> What to do: Omit the pictures. Transcribe exactly the lines below, from the one with "Vintage Halloween Postcard" up to and including the last.

━━━ Exercise data ━━━

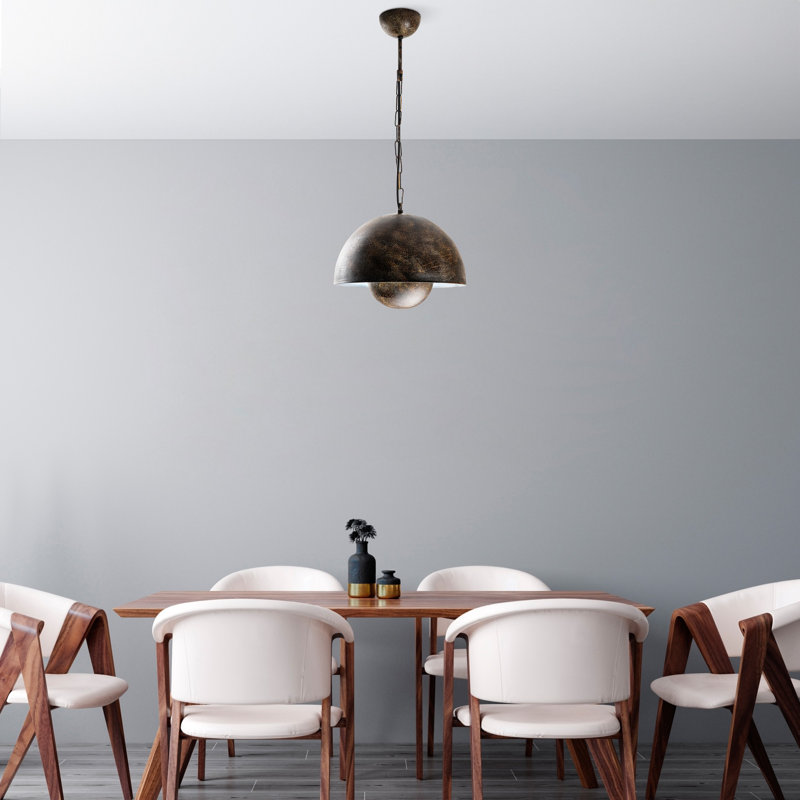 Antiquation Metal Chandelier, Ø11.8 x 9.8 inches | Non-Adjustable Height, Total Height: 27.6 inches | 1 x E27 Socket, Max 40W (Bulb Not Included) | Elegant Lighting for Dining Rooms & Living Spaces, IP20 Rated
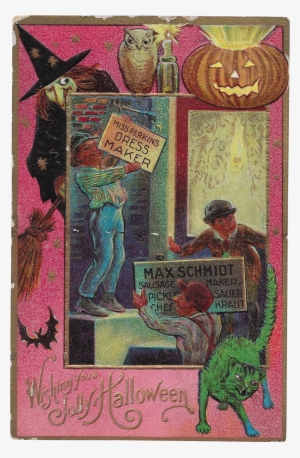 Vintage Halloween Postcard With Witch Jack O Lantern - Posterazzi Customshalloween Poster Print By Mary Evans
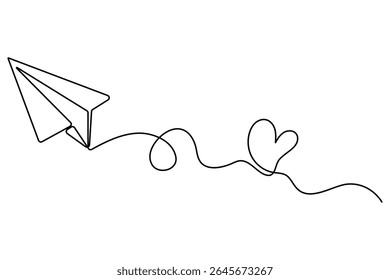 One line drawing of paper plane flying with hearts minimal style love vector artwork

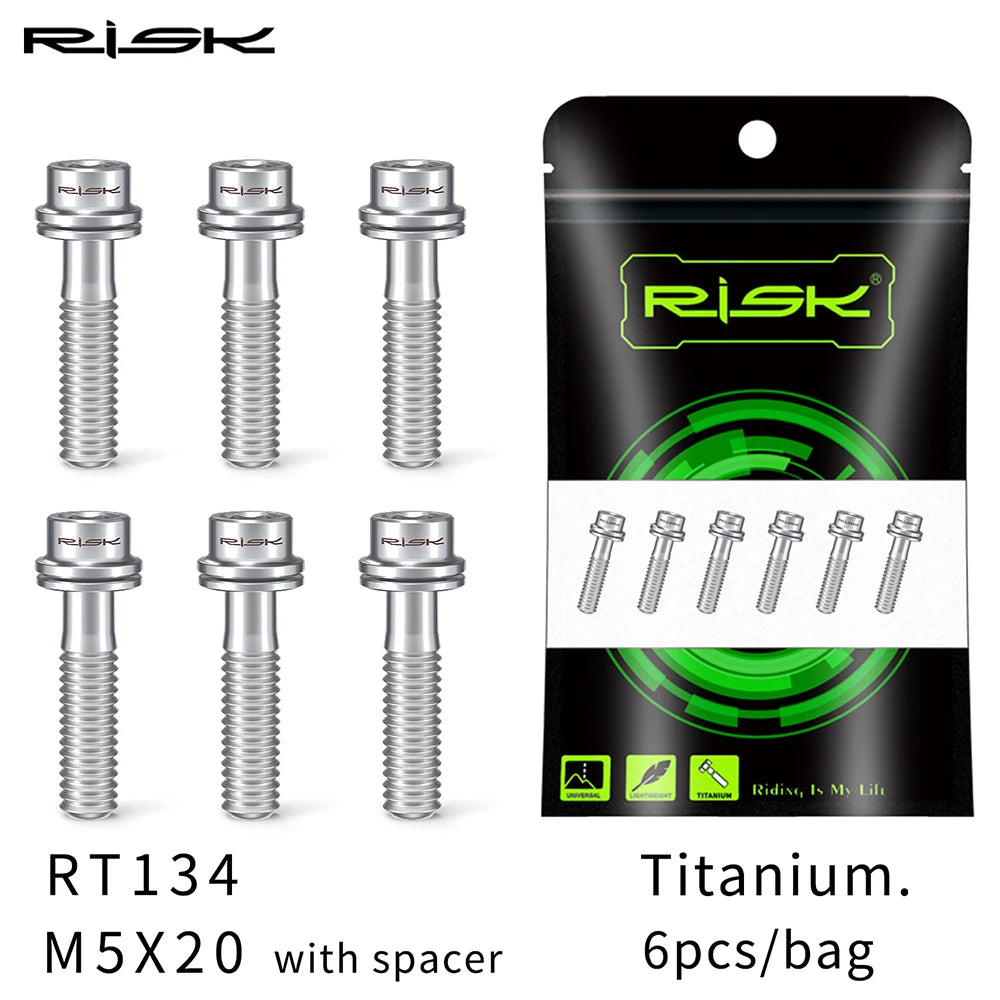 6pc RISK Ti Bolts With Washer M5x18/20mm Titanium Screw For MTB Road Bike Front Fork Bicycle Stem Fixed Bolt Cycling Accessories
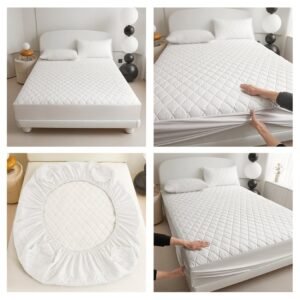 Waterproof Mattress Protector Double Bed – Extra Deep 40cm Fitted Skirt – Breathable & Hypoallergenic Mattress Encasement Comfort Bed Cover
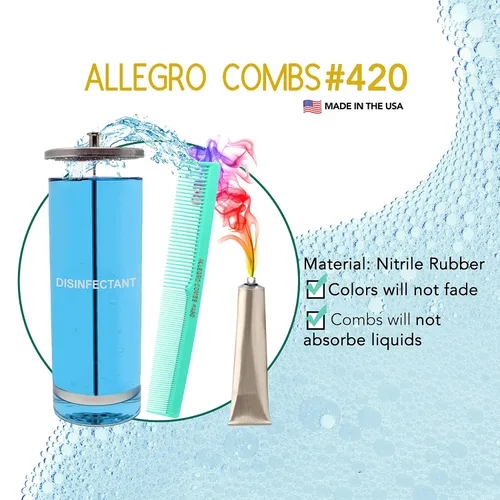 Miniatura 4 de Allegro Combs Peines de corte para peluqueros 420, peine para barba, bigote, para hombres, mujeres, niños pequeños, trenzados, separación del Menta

━━━

> Problem solution:
 Vintage Halloween Postcard With Witch Jack O Lantern - Posterazzi Customshalloween Poster Print By Mary Evans
 One line drawing of paper plane flying with hearts minimal style love vector artwork

 6pc RISK Ti Bolts With Washer M5x18/20mm Titanium Screw For MTB Road Bike Front Fork Bicycle Stem Fixed Bolt Cycling Accessories
 Waterproof Mattress Protector Double Bed – Extra Deep 40cm Fitted Skirt – Breathable & Hypoallergenic Mattress Encasement Comfort Bed Cover
 Miniatura 4 de Allegro Combs Peines de corte para peluqueros 420, peine para barba, bigote, para hombres, mujeres, niños pequeños, trenzados, separación del Menta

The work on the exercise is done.